==== Dataset excerpts
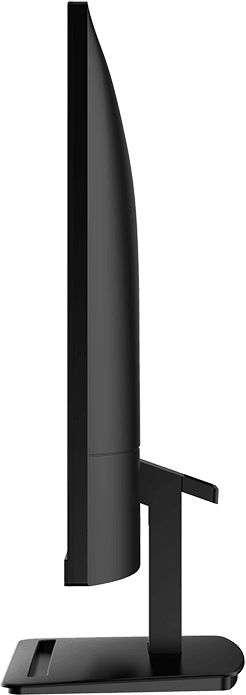 Écran 27" Full HD MSI Pro MP273A (9S6-3PB4CH-207) — image 8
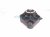 2024 Honda Prologue Engine/motor Driver Engine Torque Strut Mount Replacement 2024 Honda Prologue Engine/motor Driver Engine Torque Strut Mount Replacement thumbnail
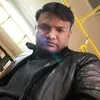 Taimoor ali Taimoor
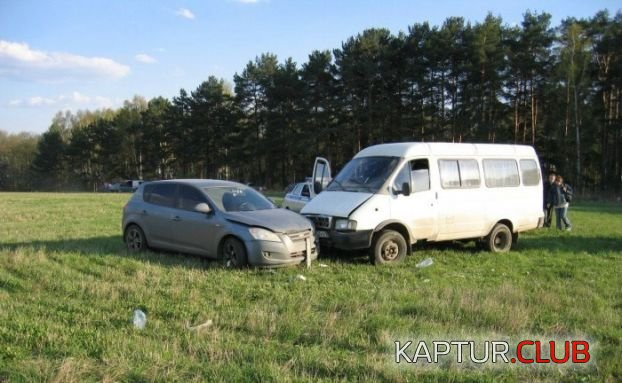 6a139e87617777880fcea172d42ddb36.jpg | Рено Каптур Клуб Россия | Форум KAPTUR.SU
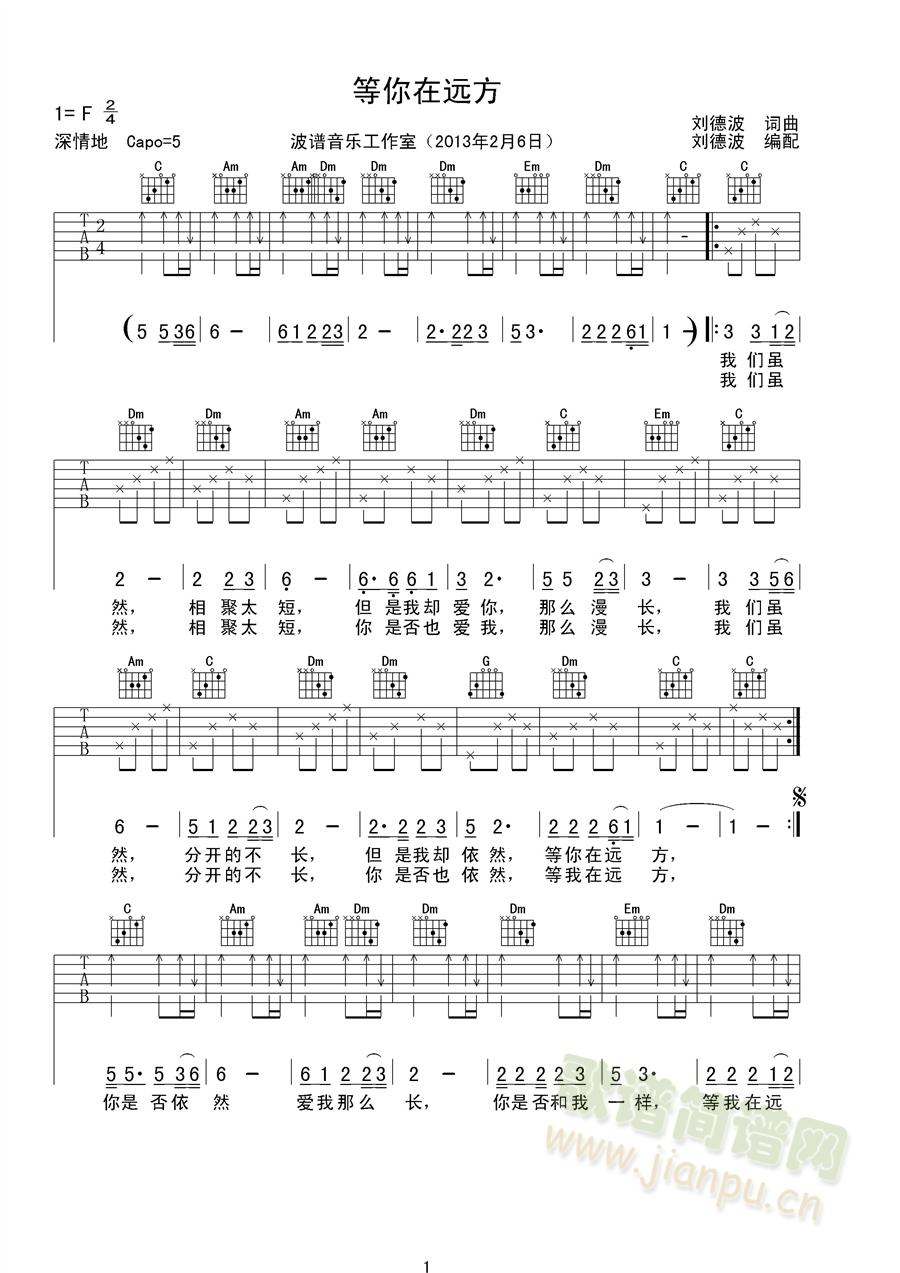 �������h���������V��(�����V)1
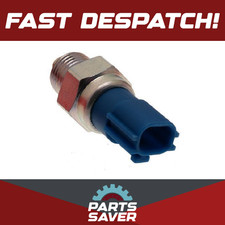 Reverse Light Switch fits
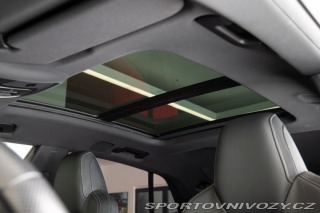 Audi SQ8 4.0 TDI/Bang&Olufsen/ 2020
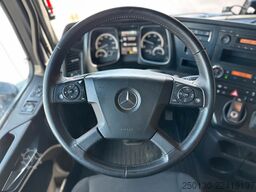 MERCEDES-BENZ Actros 1846 LS 4x2 BL LOF *Hydraulik* Zapfwelle*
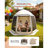 Screen House Tent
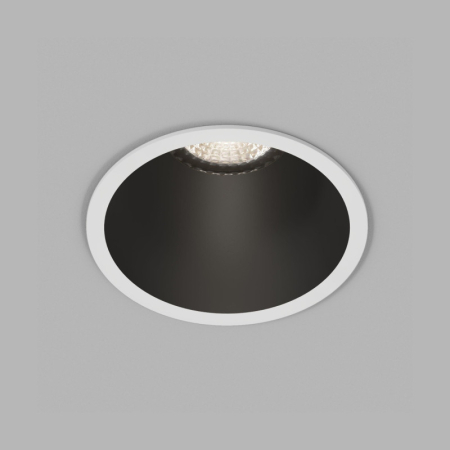 Встраиваемый светильник Denkirs DK3026-WB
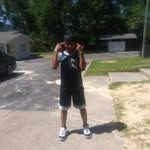 davion lee - @daviontolegit09 - Instagram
========
## Exercise details
Print only the lines running from the one containing "MERCEDES-BENZ Actros 1846" to the end of the data above, exactly; include no pictures.

## Written reply
 MERCEDES-BENZ Actros 1846 LS 4x2 BL LOF *Hydraulik* Zapfwelle*
 Screen House Tent
 Встраиваемый светильник Denkirs DK3026-WB
 davion lee - @daviontolegit09 - Instagram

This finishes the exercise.